Activity: Every line below must be copied as written, except for pictures.

Input data:
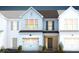 Two-story townhome with light-grey siding, dark-grey roof, and a brick entryway at 246 Broomside Ave, Raleigh, NC 27603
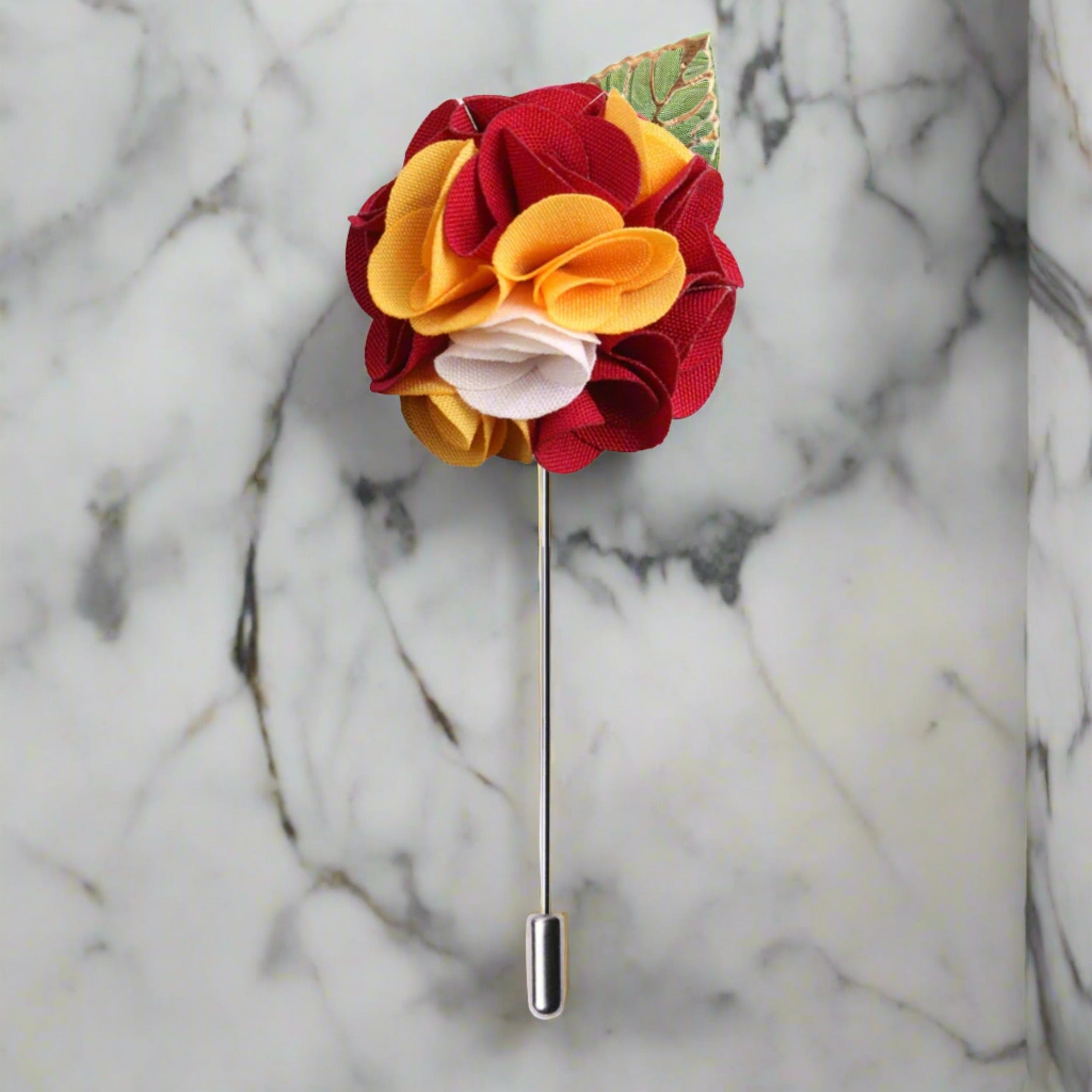 Stylish green flower lapel pin worn on a suit for a formal event.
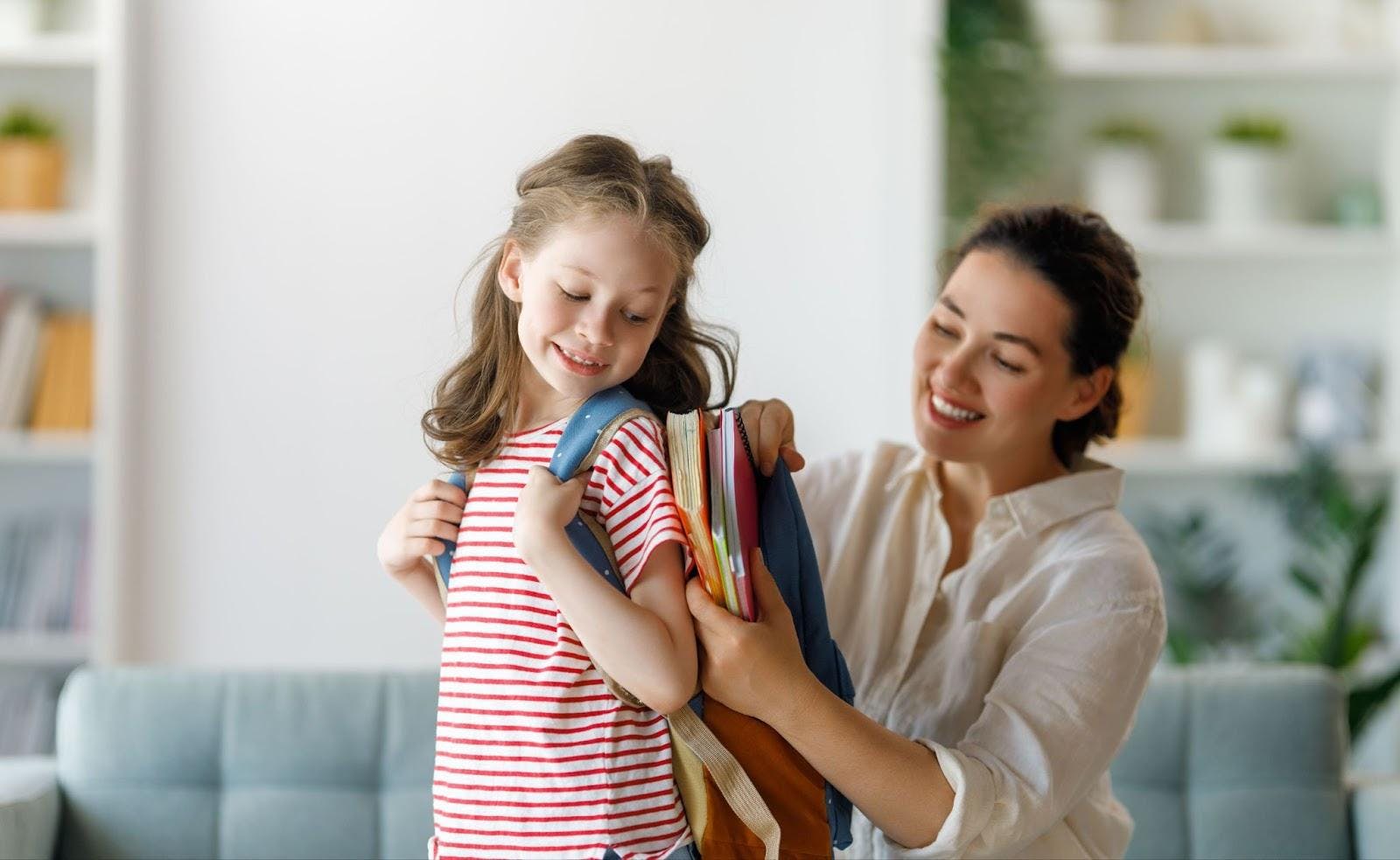 Mãe arrumando mochila nas costas da filha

Answer space:
 Two-story townhome with light-grey siding, dark-grey roof, and a brick entryway at 246 Broomside Ave, Raleigh, NC 27603
 Stylish green flower lapel pin worn on a suit for a formal event.
 Mãe arrumando mochila nas costas da filha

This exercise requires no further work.